The Matlab Language
Last updated on 2024-08-13 | Edit this page
Estimated time: 30 minutes
Overview
Questions
- What are the strengths and weaknesses of the Matlab language?
Objectives
- Understand the performance and parallelization characteristics of Matlab.
- Learn the practicality of using the Matlab compiler on HPC systems.
Programming in the Matlab Language
Matlab is a commercial programming language designed for broad use in science and mathematics. The obvious drawback of it being commercial software is that it costs money and has licensing restrictions when you use it. The more positive aspect is that it is professionally developed and maintained with lots of advanced science modules.
The core Matlab code is interpreted which limits its speed but there are lots of highly optimized and parallelized low level operations that often lead to very good performance. Users can also parallelize code manually using parfor loops which are easy to implement but difficult to make efficient. Many modules are also programmed to run on NVIDIA GPUs for acceleration.
There is a free language GNU Octave that runs much of raw Matlab code. Some of the more advanced features are not supported, but some like parallelization simply have a different format. Octave also has lots of user-contributed modules covering a broad range of science and mathematics.
Matlab Toolboxes
The Matlab core can be enhanced with a very wide variety of add-on toolboxes. Some are more generic while others are very specific to certain areas of science.

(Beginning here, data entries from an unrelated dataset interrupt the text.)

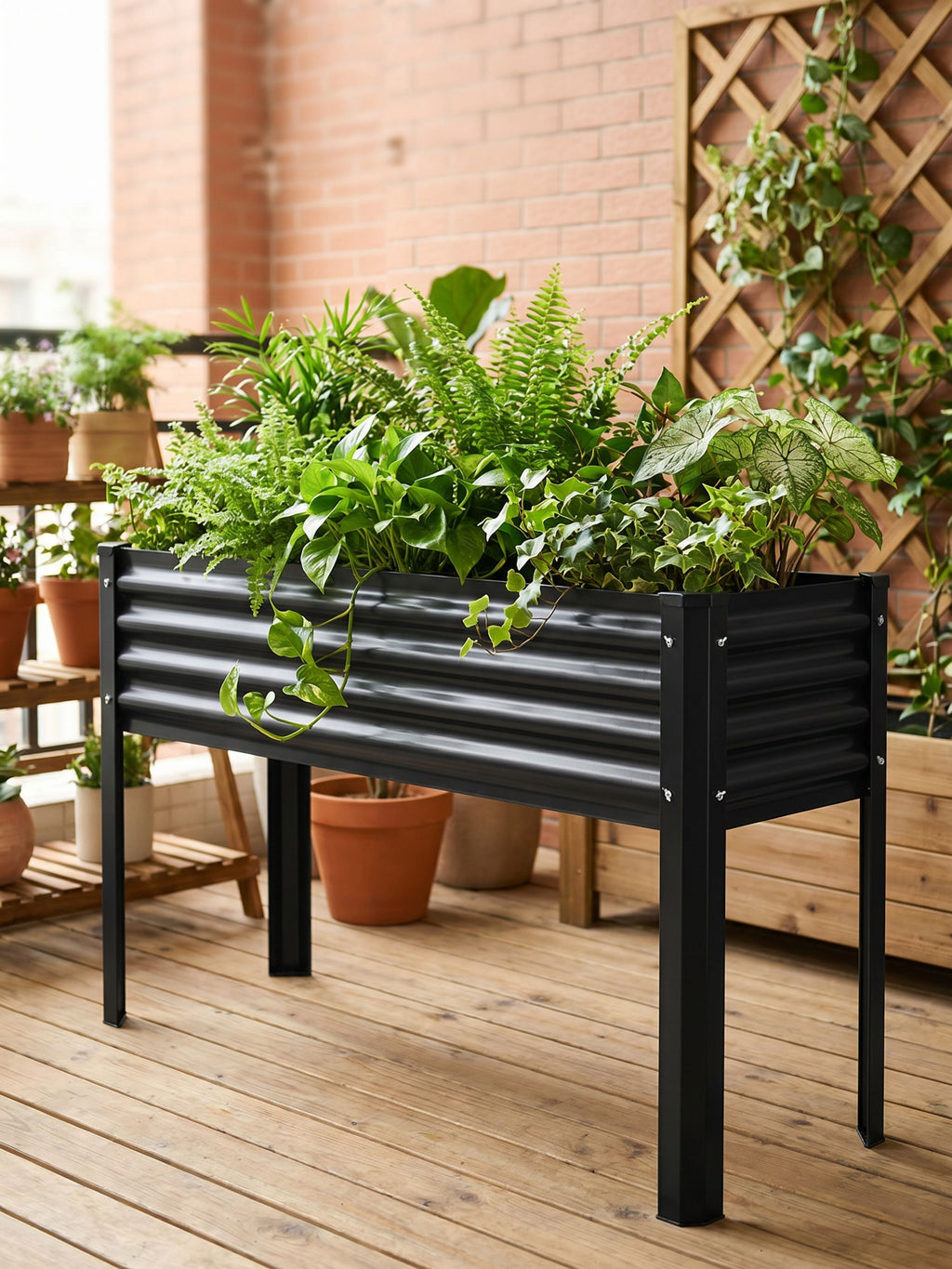 Floreira Metálica com Pés para Jardim 120x45cm Preta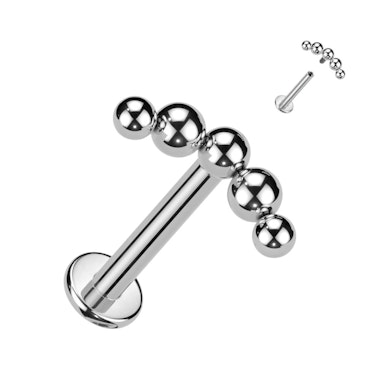 Titanium labret met decoratieve kralen
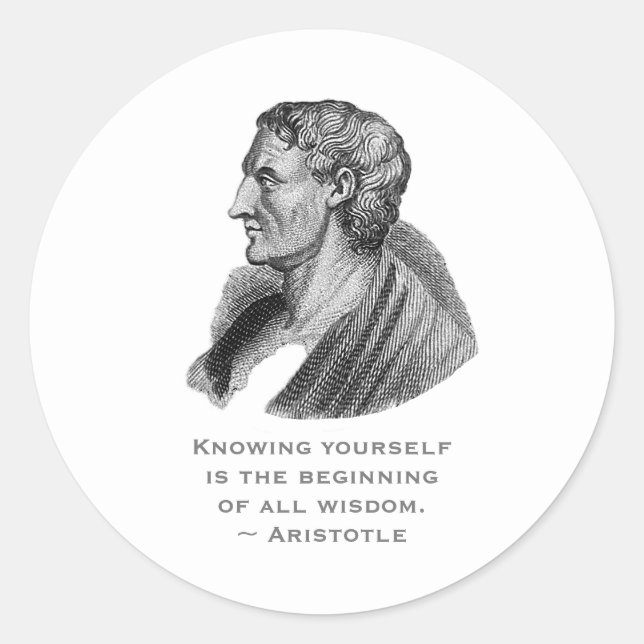 Quote Knowing Yourself Philosopher Aristotle Classic Round Sticker (Front)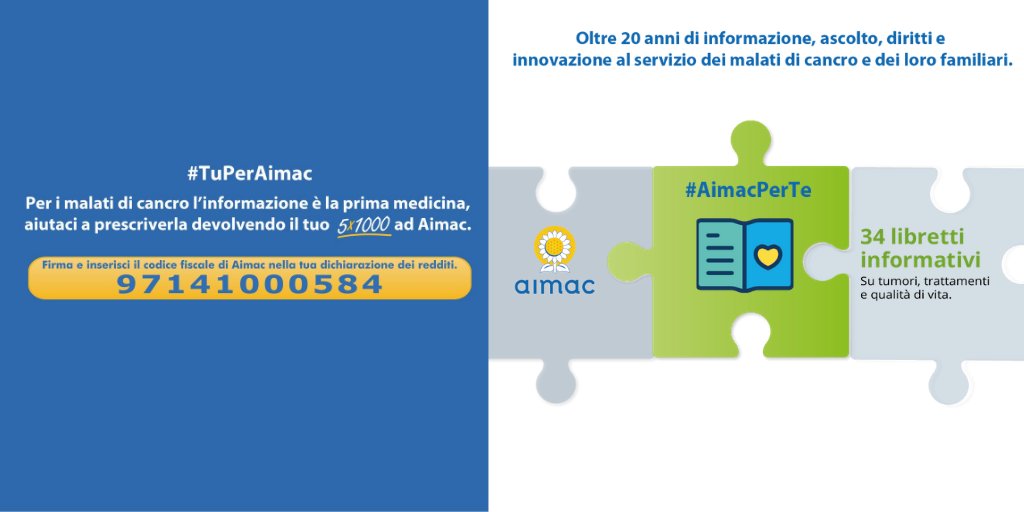aimac_it's tweet photo. #AimacPerTe Una collana di 34 #libretti realizzati insieme a università e IRCCS su: tipi di #cancro, #trattamenti, #diritti e #informazioni per convivere con la malattia nel modo migliore.
#TuPerAimac Dona il tuo #5x1000 per aiutarci a fare sempre di più per i malati di cancro! https://t.co/uey3bICVSQ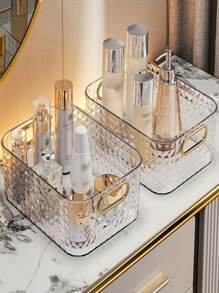 1 pièce Organisateur de maquillage en acrylique transparent | Plateau de rangement incassable pour la coiffeuse et la salle de bain | Multi-usage pour les soins de la peau, les fournitures de bureau, les collations | Accessoire essentiel pour le bureau/dortoir économisant l'espace - Cadeau portable pour les femmes, les étudiants (cadeau d'anniversaire élégant, déménagement à l'université) Rentrée scolaire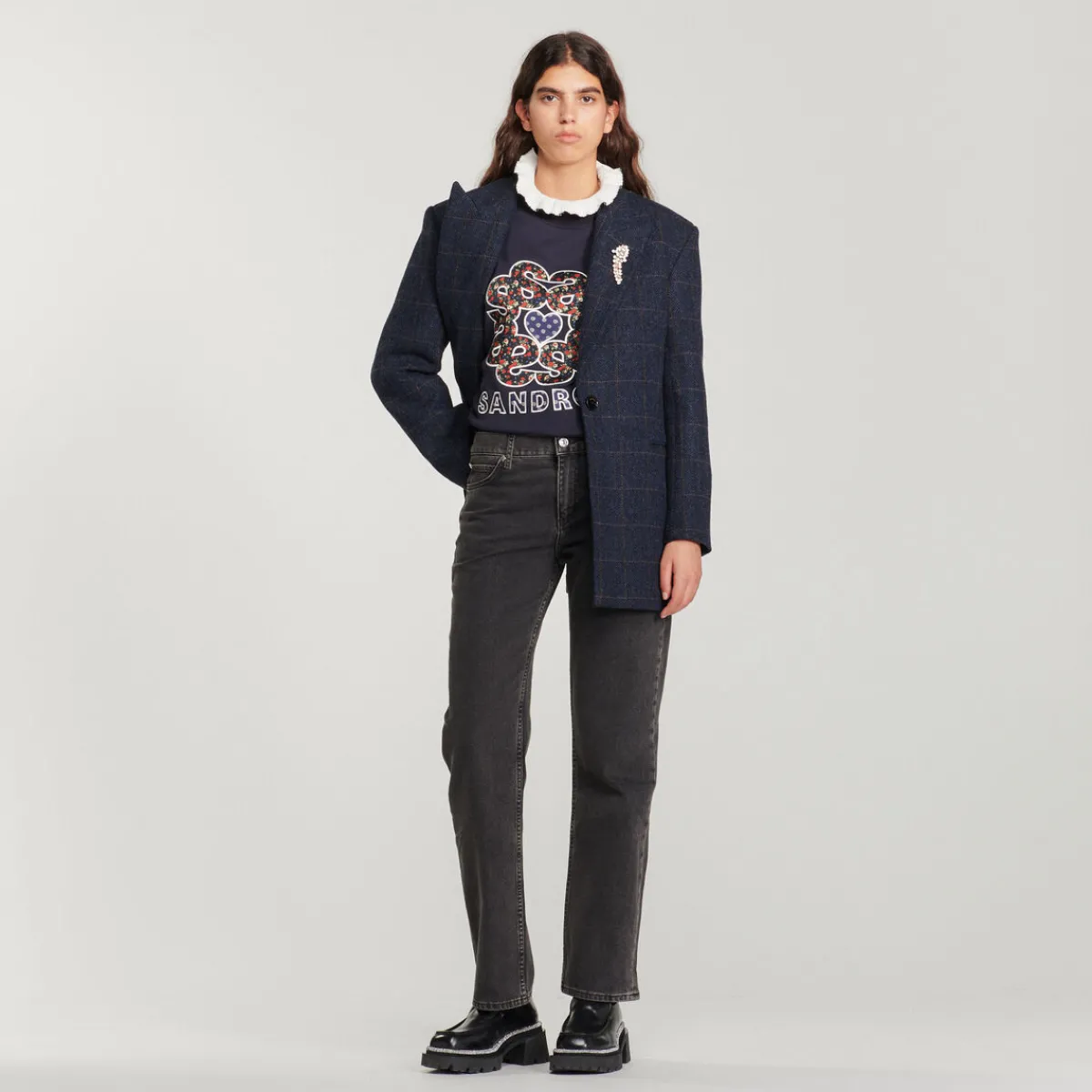 Cheap Sweatshirt With Contrasting Neck Women Sweaters & Cardigans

Some of the more common ones include:
- Parallel Computing Toolbox
- Simulink - Simulation and Model-Based Design
- Statistics and Machine Learning
- Curve Fitting
- Control Systems
- Signal Processing
- Mapping
- System Identification
- Deep Learning
- DSP System
- Datafeed
- Financial
- Image Processing
- Text Analytics
- Predictive Maintenance
There are many domain-specific toolboxes that include Bioinformatics, Aerospace, Wavelets, and Econometrics to name a few.
Commercial licensing restrictions and costs
Matlab has a base cost with toolboxes being extra. There are annual and perpetual licenses with all pricing being in U.S. dollars.
There are huge educational discounts with students paying under a hundred U.S. dollars for Matlab, Simulink, and 10 add-on toolboxes. Teachers and researchers also get large discounts, but add-on toolboxes can increase the cost quickly as the more common ones can run a few hundred dollars and more specialized toolboxes even more.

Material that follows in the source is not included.